Why You Shouldn’t Panic About the Coronavirus

It's scary, but we’re more prepared than ever before.

Josey MacDonald, Reporter

It’s nearly impossible to pass an entire day without reading or hearing something about coronavirus. This is for good reason, because it’s a serious concern. The interconnectedness of the modern world has caused it to spread to over 100 countries and infect thousands of people – even those who had no contact with China. The virus is new to humans, which means there’s no vaccine, and it will likely have a significant economic impact. Yet despite these issues, we are prepared to deal with it in ways that previous generations were not.

Coronavirus has been compared to a number of past pandemics, including the 1918 influenza outbreak which killed more than 50 million people. However, the coronavirus is different from most other major outbreaks because its consequences are much less severe. Healthy people tend to have only mild symptoms, and most recover after a week or two. 

So far, COVID-19’s fatality rate is lower than other coronavirus outbreaks, and deaths disproportionately affect older people with other medical issues. The death rate is higher than the flu but likely lower than reported because people who have the virus but are undiagnosed are not included. We’re very lucky that the virus is not deadlier.

The number of confirmed cases has started to fall in China as a result of strict quarantines. The majority of those infected have recovered. Photo courtesy of Wikipedia.

It’s also possible that coronavirus will become milder over time. RNA viruses tend to mutate rapidly, and they often adapt to their hosts by becoming milder. If people become too sick, the virus will have a harder time surviving and spreading.

We are in a much better position to deal with new viruses than previous generations because of recent scientific achievements. Not only is there greater worldwide acceptance of science today, but our overall understanding of medicine is much better. In 1918, doctors knew that viruses existed but had never seen one. Today, scientists can isolate specific genetic sequences, making it much easier to develop a vaccine. 

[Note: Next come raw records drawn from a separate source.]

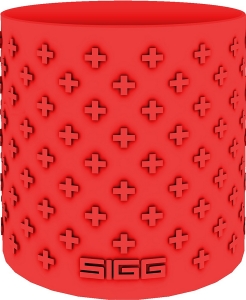 SIGG CYD Silikon Grip Red für 1,0 l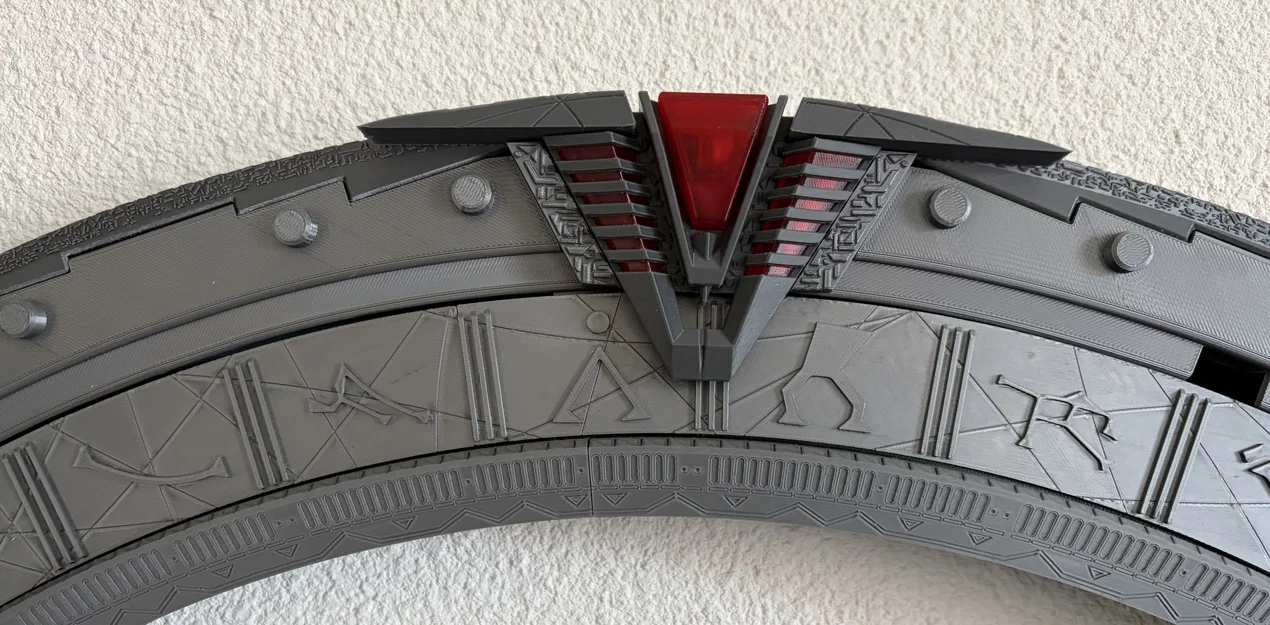 Bộ ký hiệu thay thế cực chi tiết cho mô hình Stargate 80cm - Image 2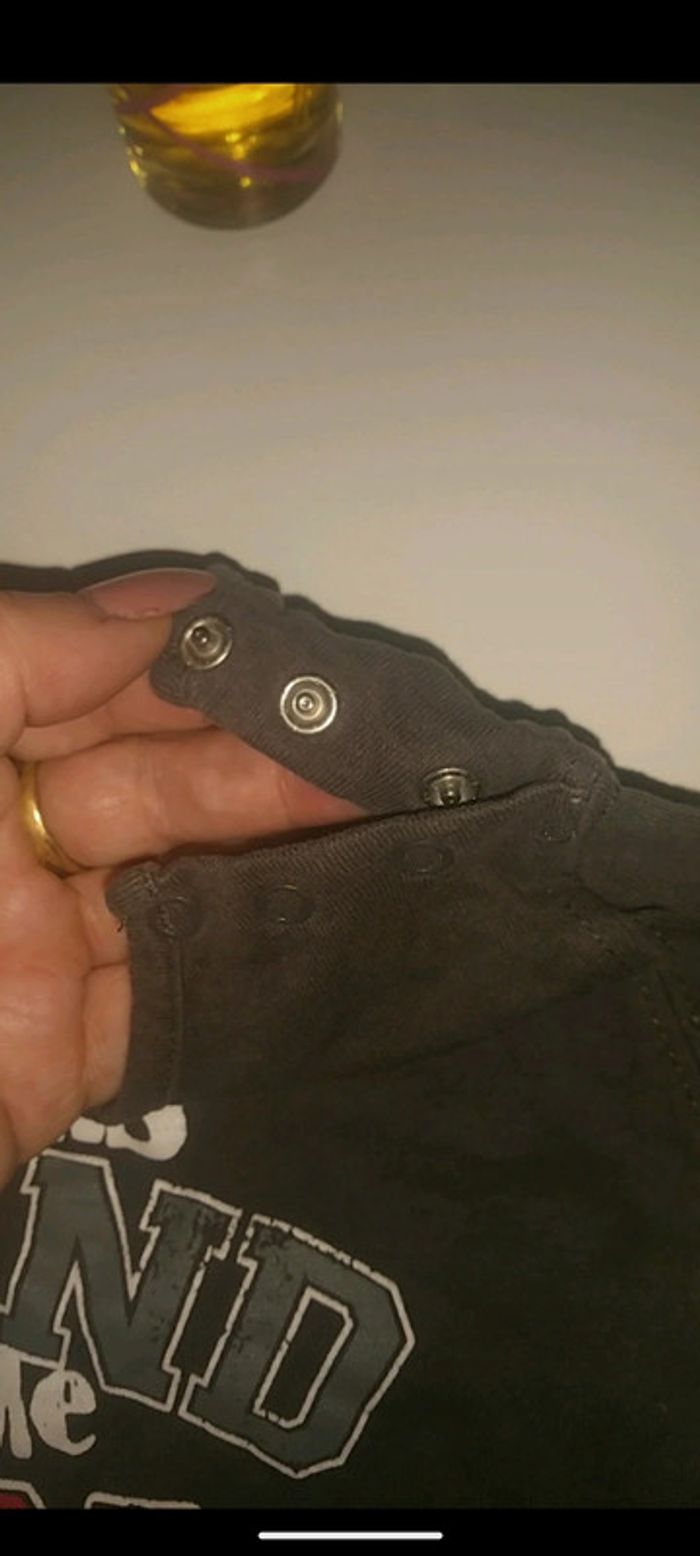 Pull sweat haut manches longues 12 mois 1 ans - photo numéro 2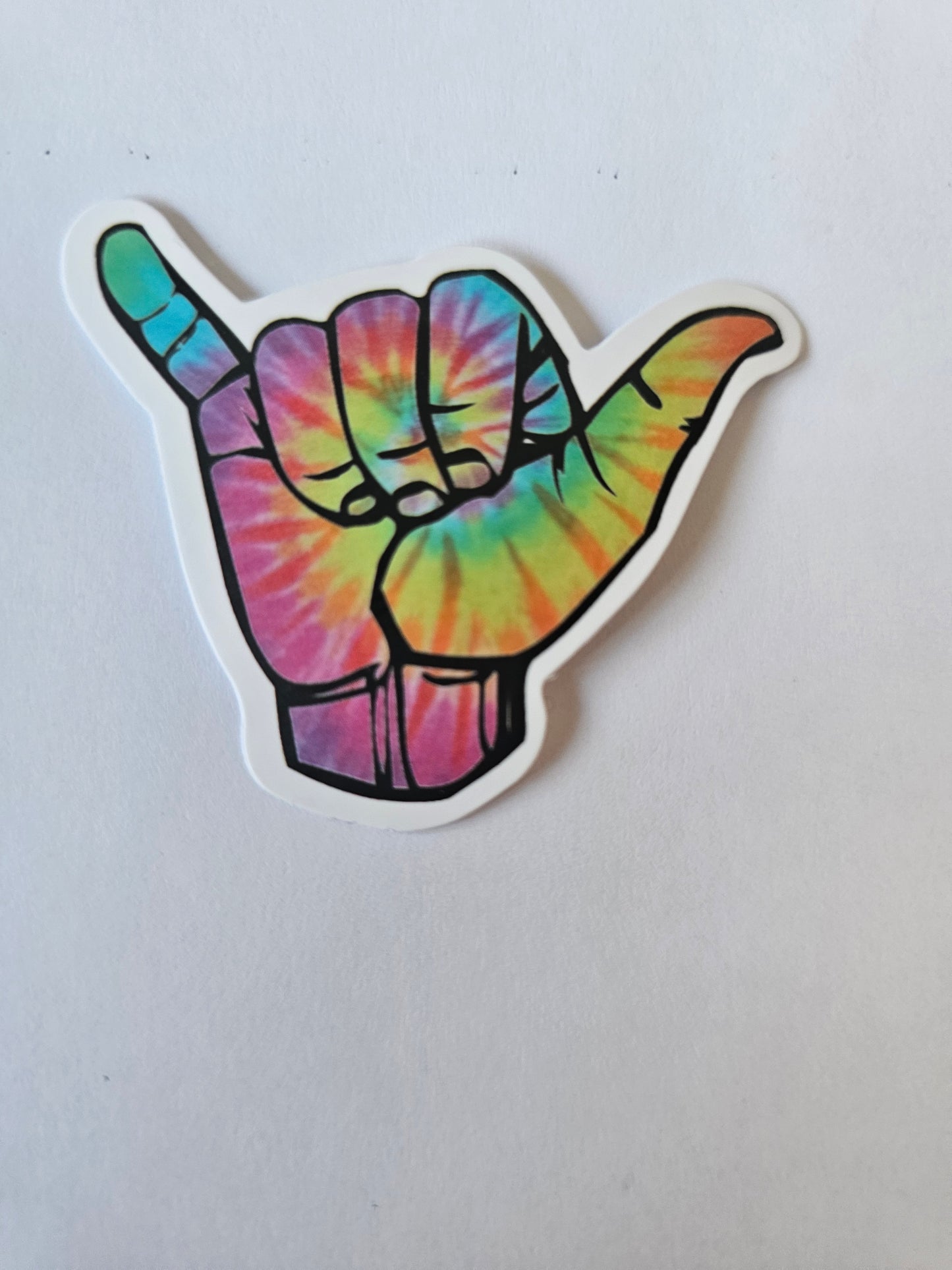 Hang Loose Sticker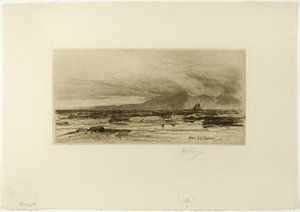 Arran, Platte vierzehn aus dem Clyde-Set von David Young Cameron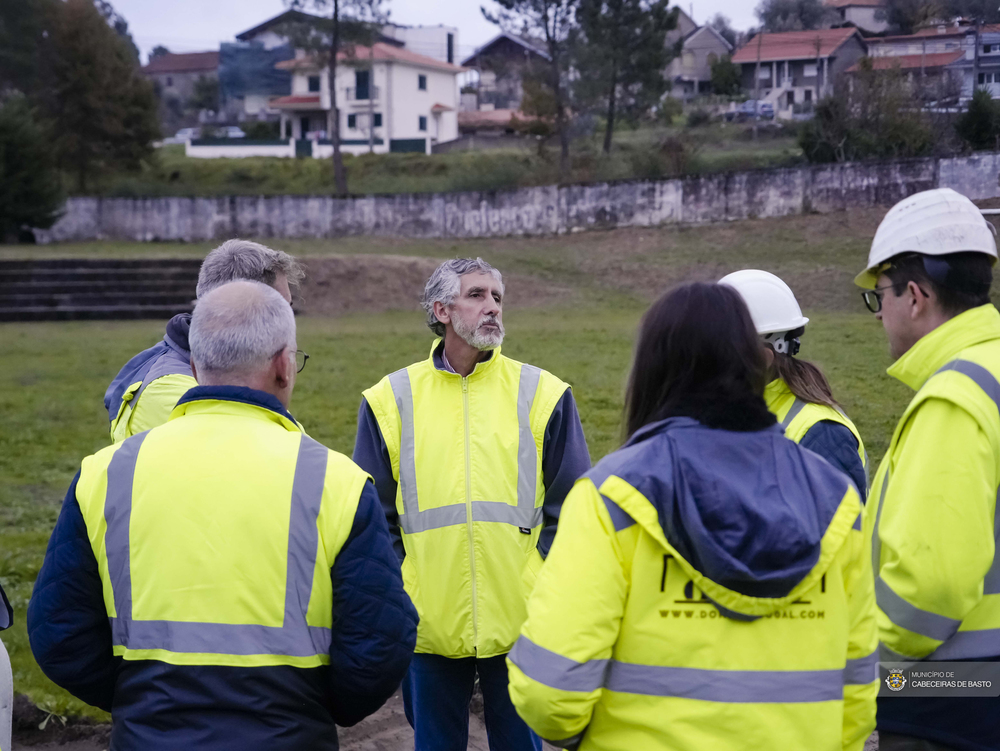 Estádio Municipal António José Queirós Gomes Pereira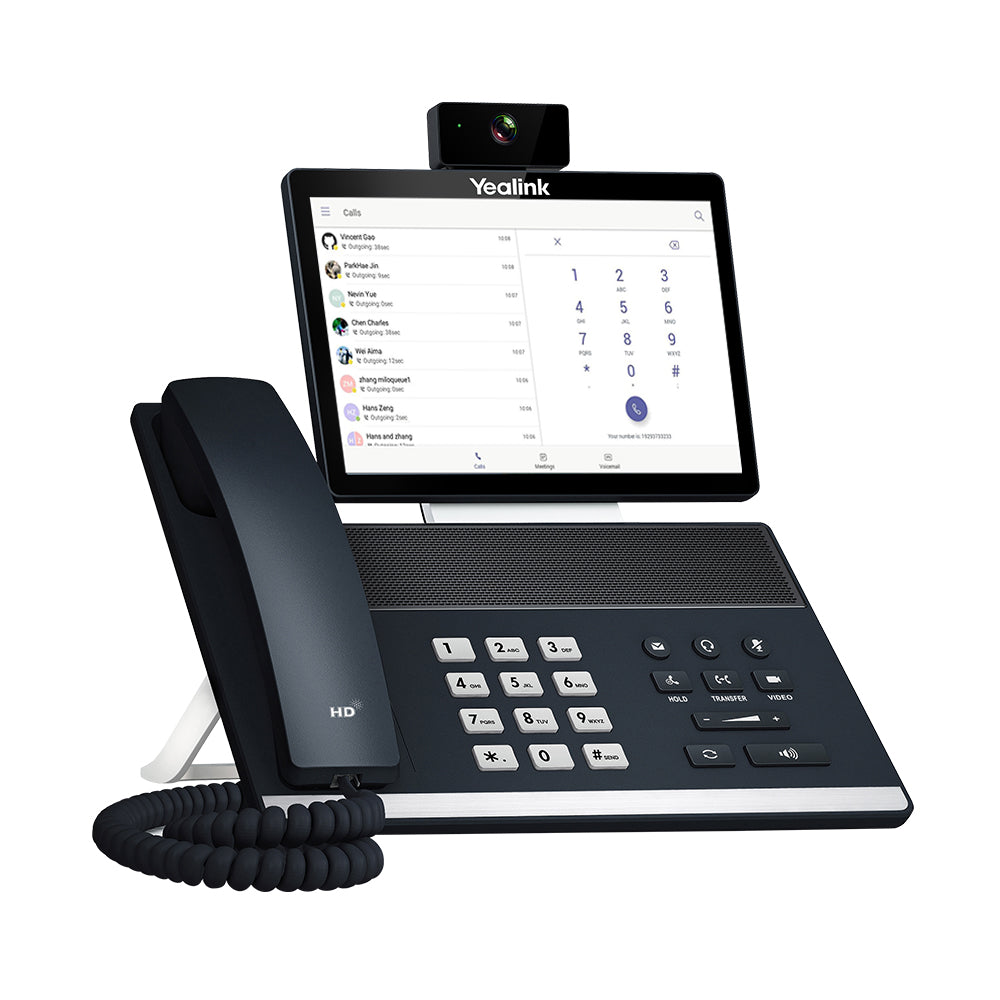 Yealink VP59 Video Phone For Video Conference Calls, Excludes PSU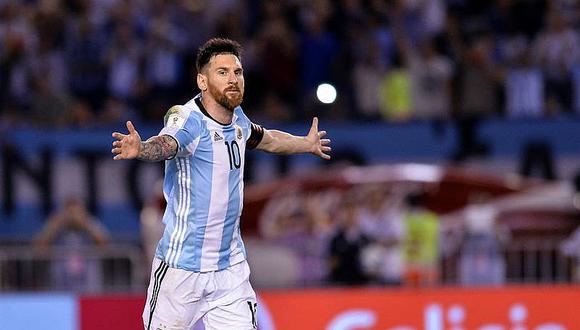 Lionel Messi sí podría jugar contra la selección del Perú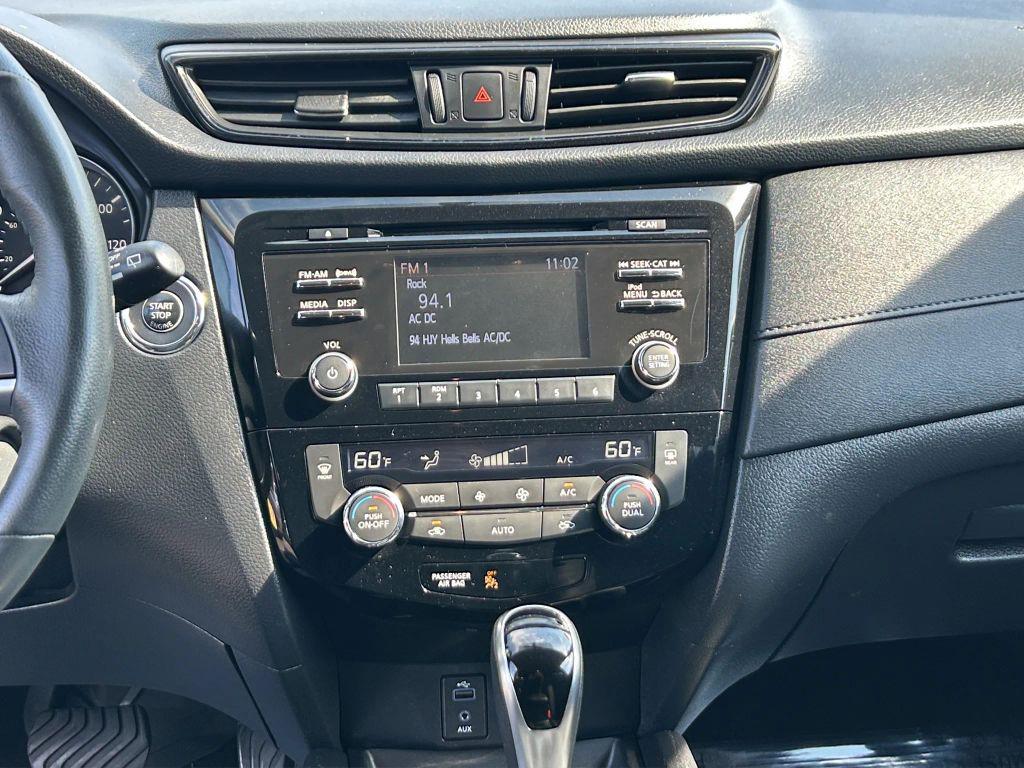 used 2017 Nissan Rogue car, priced at $11,999
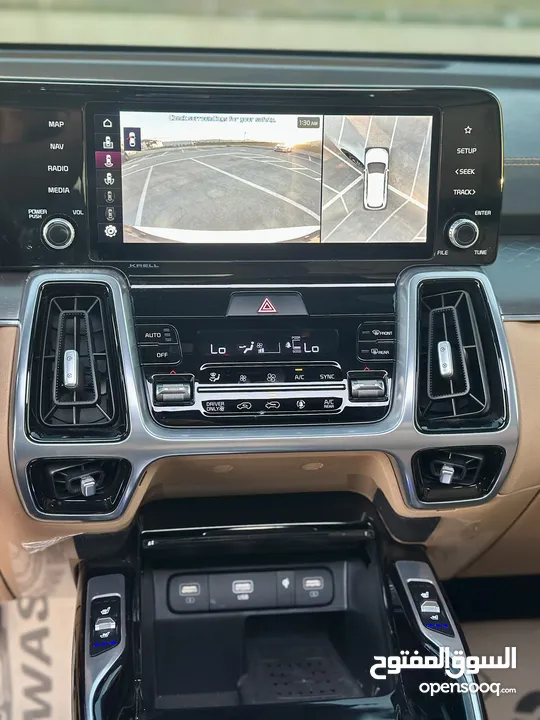 كايا سورينتو 2023 فل الفل  فتحة سقف بانوراما  4x4 ///240Hp بنزين + كهرباء  ( Haybrid) 1600cc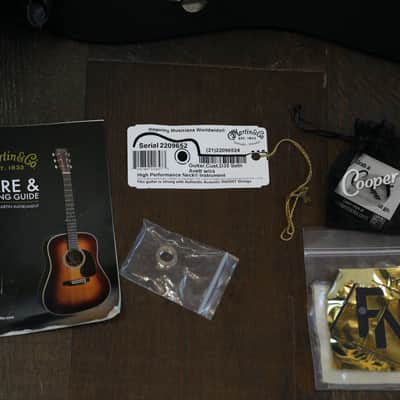 2018 Martin Custom Shop Seth Avett Limited Edition D-35 Dreadnought Acoustic Guitar Natural + OHSC image 2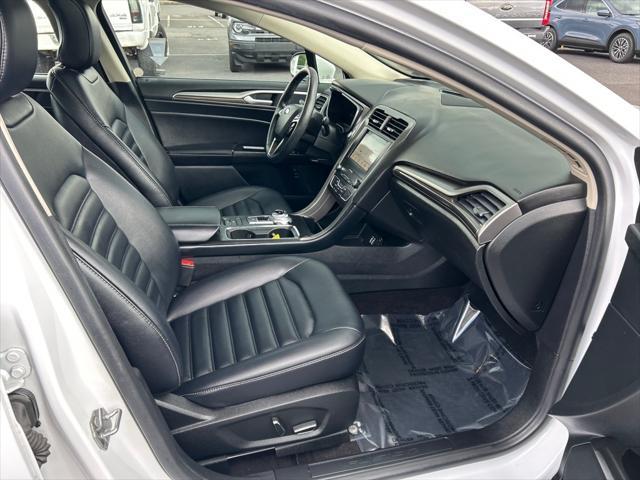 used 2019 Ford Fusion Hybrid car, priced at $19,495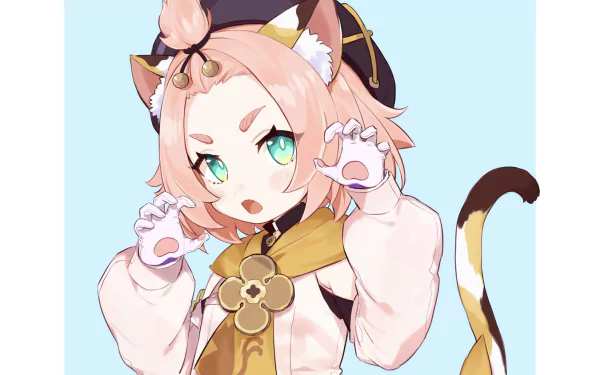 Diona (Genshin Impact) video game Genshin Impact HD Desktop Wallpaper | Background Image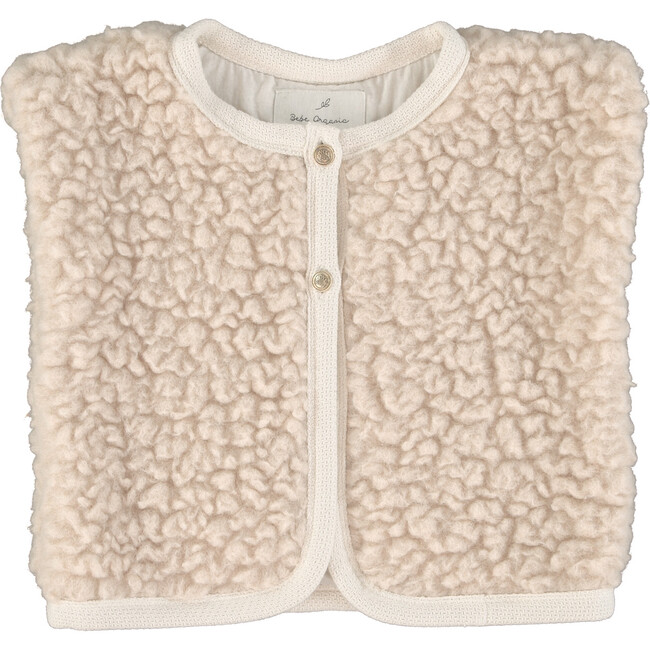 Laine Vest, Natural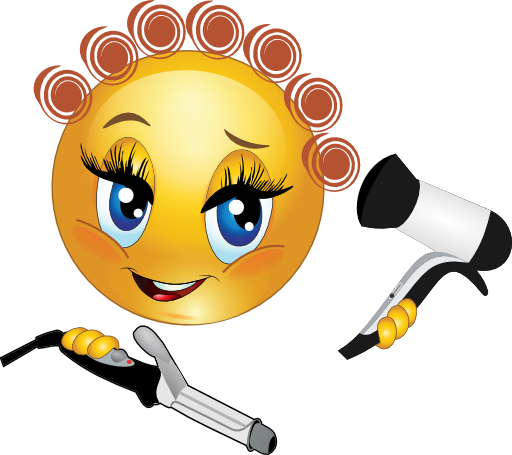 Hair Styling Clip Art - Cliparts.co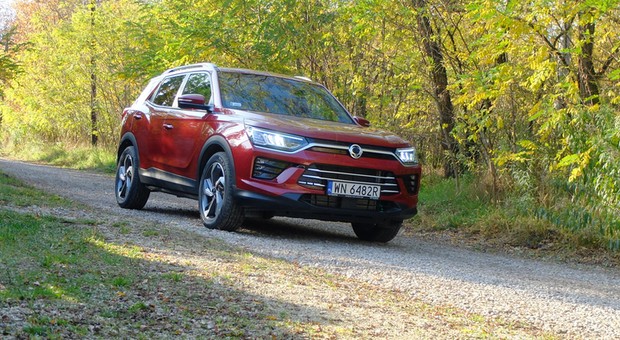 SsangYong Korando. Czy diesel to najlepsza opcja?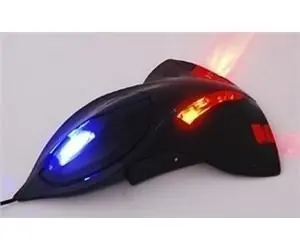 ACUTAKE Extreme AirForce Mouse EAM-800 černá / Optická myš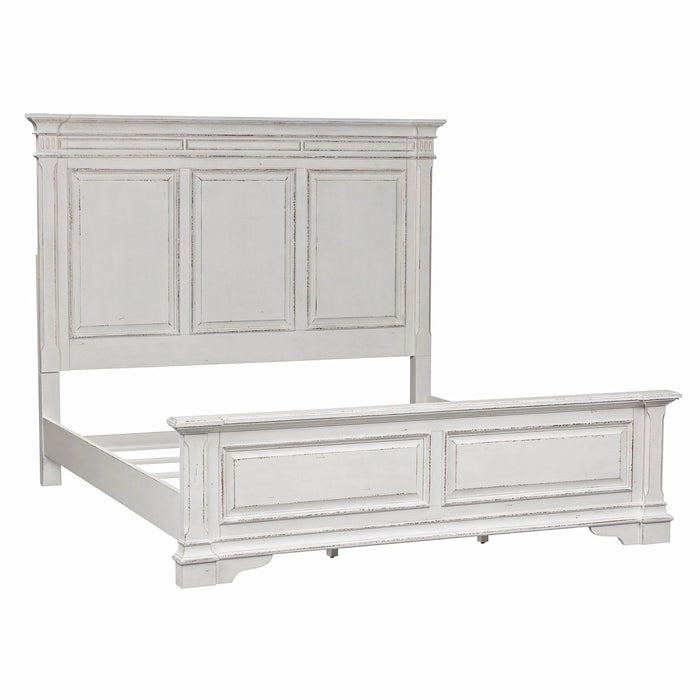 Abbey Park King California Panel Bed image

This outbreak also differs from previous pandemics because of the advanced technology we have readily available to combat it. Most people have the ability to work remotely, which helps maintain some social and economic stability. If universities close, as they have in many states, students can still finish their coursework online and earn their degrees. In past years, it was much harder to quarantine people and prevent the virus from spreading. 

We also have constant news stories and up-to-date guidance, which is a huge advantage. Never before have officials been able to instantly advise masses of people. Take, for instance, the music video promoted by the Vietnamese government. It’s a silly tune about washing your hands and avoiding crowds, but it has become a global hit, and its message has spread to millions of people.

Although coronavirus is devastating, it has become a common enemy during a politically divisive time. It might create a stronger sense of unity and heighten our concern for each other. It might also make us more aware of the impact we have on others, which could lead to more responsible public policies.

 We should certainly be concerned about the virus and exercise as much caution as possible, but panicking won’t be helpful. Let’s stay calm, stick to the facts, and recognize that the world is in a pretty good position to deal with it.